Starting at the line that contains "Alumnos realizaron una" and stopping at the line that contains "Josh Allen (Mitte)", restate each line of the records below exactly. Omit the pictures.

*Material provided*

:::::

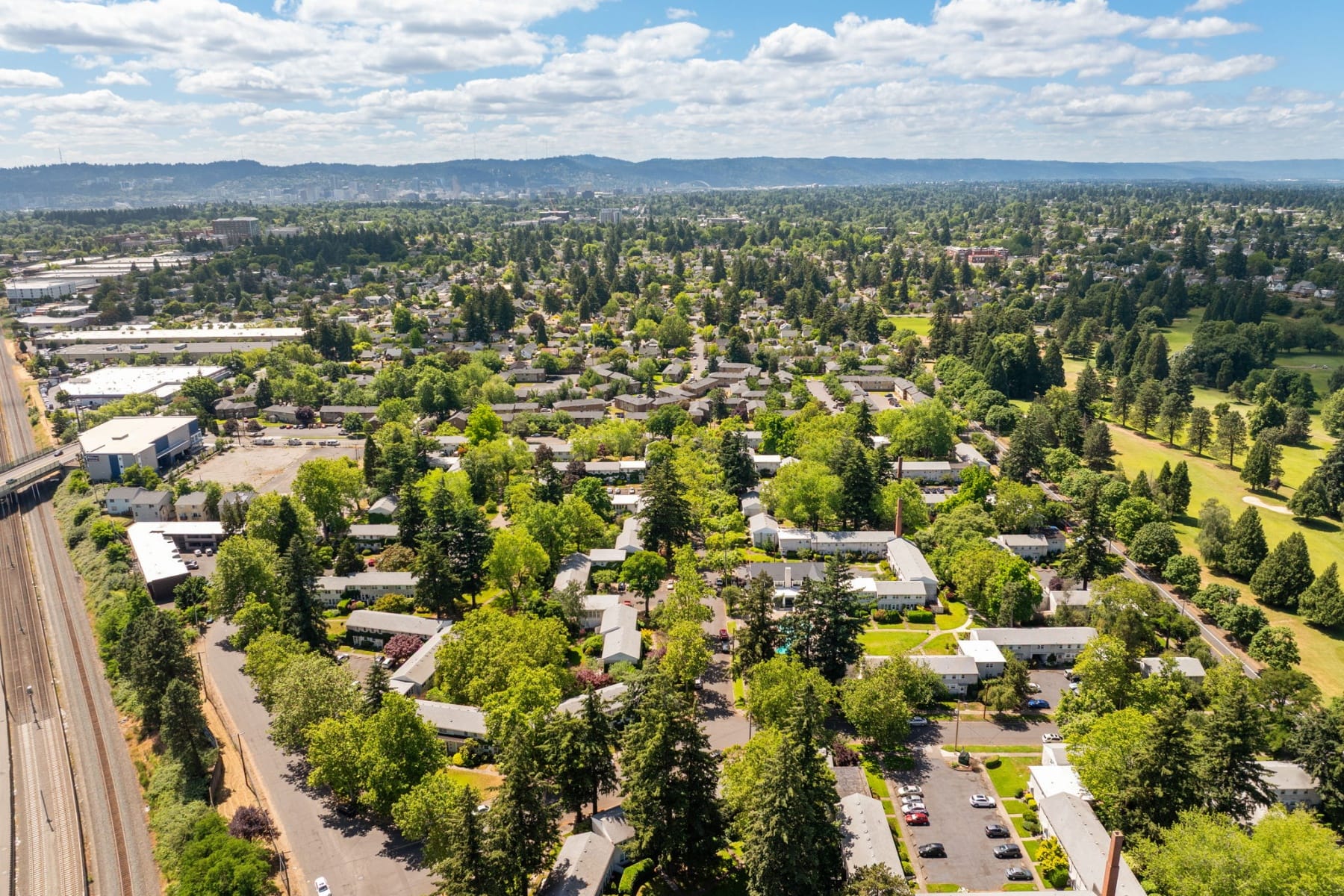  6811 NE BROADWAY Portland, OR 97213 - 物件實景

:::::

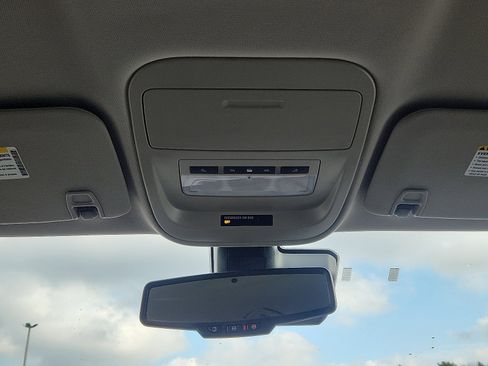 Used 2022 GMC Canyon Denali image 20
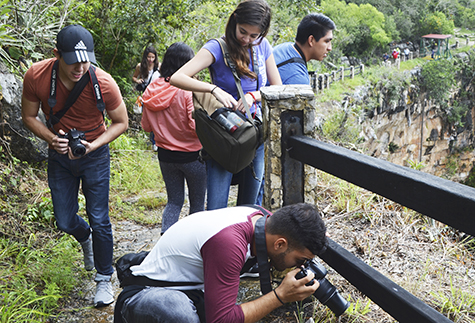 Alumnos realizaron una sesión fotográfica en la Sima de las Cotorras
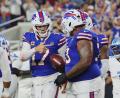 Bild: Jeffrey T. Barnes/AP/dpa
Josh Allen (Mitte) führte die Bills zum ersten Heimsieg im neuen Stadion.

:::::

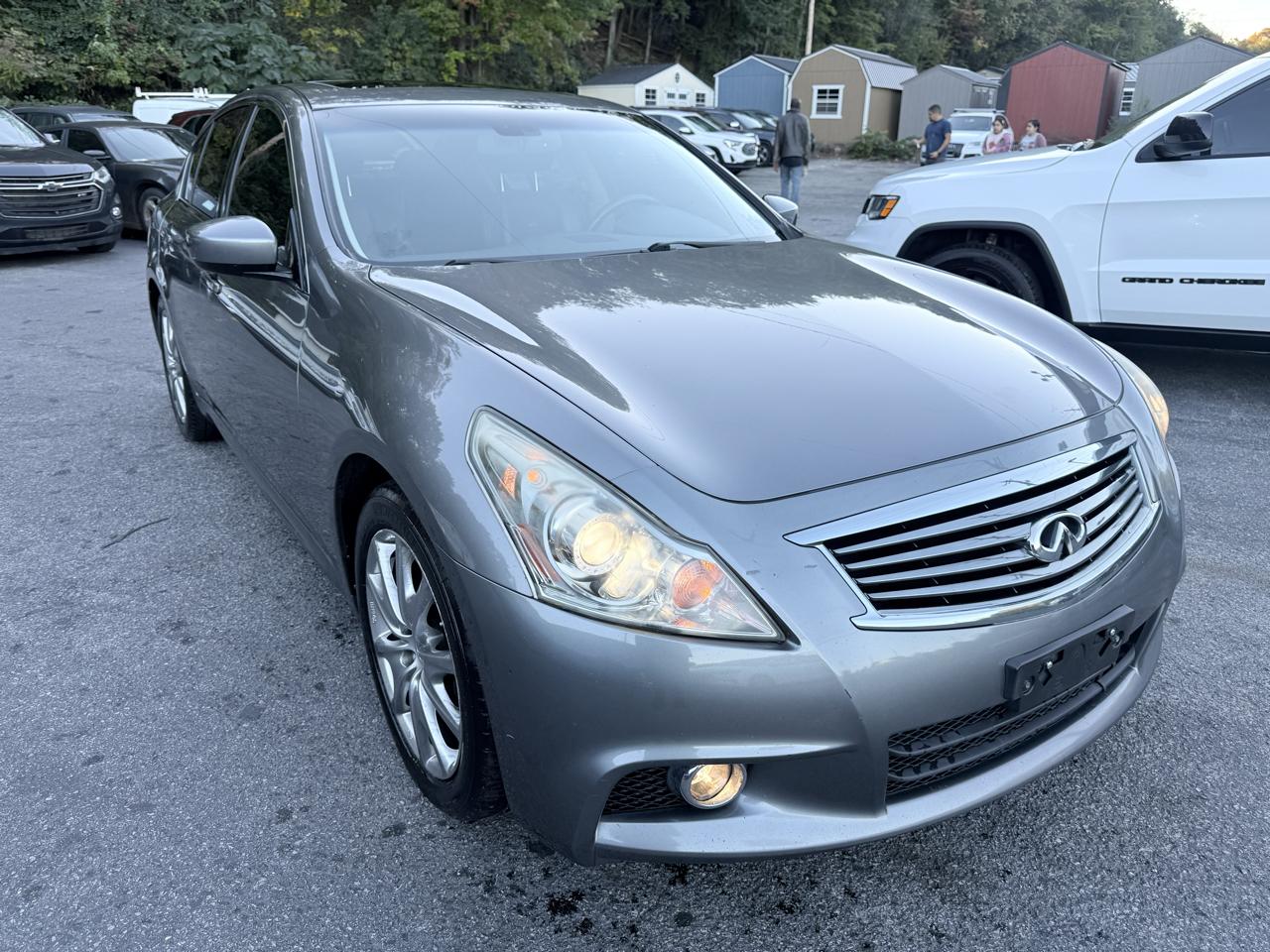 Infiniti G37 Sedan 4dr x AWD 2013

:::::

*Response area*
 Alumnos realizaron una sesión fotográfica en la Sima de las Cotorras
 Bild: Jeffrey T. Barnes/AP/dpa
Josh Allen (Mitte) führte die Bills zum ersten Heimsieg im neuen Stadion.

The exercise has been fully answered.